Neural network dropout is a technique that can be applied to NN training to reduce the chances of model overfitting — you train too well and so the trained model predicts your training data nearly perfectly, but when presented with new data the model classifies poorly.
In dropout training, as each training item is presented, a random 50% of the hidden nodes are “dropped” — you ignore them. By doing this, you’re effectively taking many half-size networks, training them, and then averaging them.
While I was preparing to give a talk about neural network dropout, I created a demo program from scratch. That’s the way I a am sure I understand a topic. My approach was to modify code normal, non-dropout code so that when it was time to process a dropped hidden node, I’d skip over it. For example, in the forward-pass computation of the hidden nodes, code looks like:
for j in range(self.nh): if dropOut == True and \ self.dNodes[j] == 1: continue # drop! for i in range(self.ni): hSums[j] += self.iNodes[i] * self.ihWeights[i,j] hSums[j] += self.hBiases[j] # add the bias self.hNodes[j] = self.hypertan(hSums[j])
And I’d perform the same kind of checks in the back-propagation code, for example:
# compute hidden-to-output gradients for j in range(self.nh): if dropOut == True and \ self.dNodes[j] == 1: continue # drop! for k in range(self.no): hoGrads[j,k] = oSignals[k] * self.hNodes[j]

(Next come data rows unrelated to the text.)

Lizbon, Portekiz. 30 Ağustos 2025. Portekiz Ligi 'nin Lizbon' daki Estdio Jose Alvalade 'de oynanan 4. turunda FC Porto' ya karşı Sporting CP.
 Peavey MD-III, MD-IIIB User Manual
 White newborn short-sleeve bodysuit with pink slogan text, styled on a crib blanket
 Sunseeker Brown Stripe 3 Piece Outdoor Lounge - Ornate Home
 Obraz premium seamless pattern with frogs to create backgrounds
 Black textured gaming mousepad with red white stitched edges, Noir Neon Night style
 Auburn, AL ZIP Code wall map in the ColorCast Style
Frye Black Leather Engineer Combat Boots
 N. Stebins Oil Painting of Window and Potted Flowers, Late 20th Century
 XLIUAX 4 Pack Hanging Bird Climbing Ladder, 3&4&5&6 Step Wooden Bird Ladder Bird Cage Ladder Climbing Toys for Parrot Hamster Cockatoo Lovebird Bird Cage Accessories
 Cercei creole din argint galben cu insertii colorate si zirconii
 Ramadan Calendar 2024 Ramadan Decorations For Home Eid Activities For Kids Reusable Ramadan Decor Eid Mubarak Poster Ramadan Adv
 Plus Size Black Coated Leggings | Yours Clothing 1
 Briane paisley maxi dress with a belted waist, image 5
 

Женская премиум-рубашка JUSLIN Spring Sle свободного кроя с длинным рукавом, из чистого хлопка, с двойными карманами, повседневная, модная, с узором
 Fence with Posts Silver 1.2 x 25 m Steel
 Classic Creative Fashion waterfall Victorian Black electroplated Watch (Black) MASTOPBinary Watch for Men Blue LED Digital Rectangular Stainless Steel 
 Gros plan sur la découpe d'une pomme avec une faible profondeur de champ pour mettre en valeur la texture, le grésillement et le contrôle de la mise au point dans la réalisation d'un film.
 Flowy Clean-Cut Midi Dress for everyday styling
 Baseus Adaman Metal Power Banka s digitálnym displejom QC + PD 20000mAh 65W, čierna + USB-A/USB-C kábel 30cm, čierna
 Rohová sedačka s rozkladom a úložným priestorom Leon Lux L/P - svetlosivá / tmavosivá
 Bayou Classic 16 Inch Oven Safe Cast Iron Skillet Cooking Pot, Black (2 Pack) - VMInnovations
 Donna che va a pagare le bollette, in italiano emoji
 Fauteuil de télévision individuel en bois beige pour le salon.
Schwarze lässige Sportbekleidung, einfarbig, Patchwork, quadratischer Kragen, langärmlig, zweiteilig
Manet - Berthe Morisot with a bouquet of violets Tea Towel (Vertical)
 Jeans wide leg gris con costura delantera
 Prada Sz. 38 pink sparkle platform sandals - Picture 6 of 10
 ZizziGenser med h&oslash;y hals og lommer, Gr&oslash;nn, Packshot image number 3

OK. But then I was reviewing some documentation for NN code libraries that can perform dropout, and also some online articles about dropout. Several times I read something along the lines of, “dropout sets a random 50% of hidden nodes to 0.0 values.”
Hmm, that seemed strange to me at first but then I convinced myself if the value of a hidden node is 0 then it’s exactly the same as if the node isn’t there. Surely documentation couldn’t be wrong?
Wait — not so fast. To test the set-to-zero approach I used a crude but effective technique: I coded up an implementation and compared my ignore-hidden-nodes version with the simpler set-hidden-nodes-to-zero approach. The two approaches produced different results. And the set-to-zero approach gave much worse results.
After examining the code carefully I realized the problem with the set-to-zero approach is when the derivative of the hidden node activation function is computed. If you use logistic sigmoid, the derivative is (hid[j]) * (1 – hid[j]) which, if hid[j] = 0 is 0 * 1 = 0 and so the gradient is zero, and then weight delta is zero, and so you’re OK.
But, if you use tanh activation, the derivative is (1 – hid[j]) * (1 + hid[j]) = 1 * 1 = 1 and so the gradient won’t be zero, and then the weight delta won’t be zero, so you’re not OK. Some other activation functions would give non-zero gradients / deltas too.
It is possible to use a set-hidden-node-to-zero approach when implementing dropout, but you’d have to take care of some additional details. The moral: in machine learning, everything is tricky.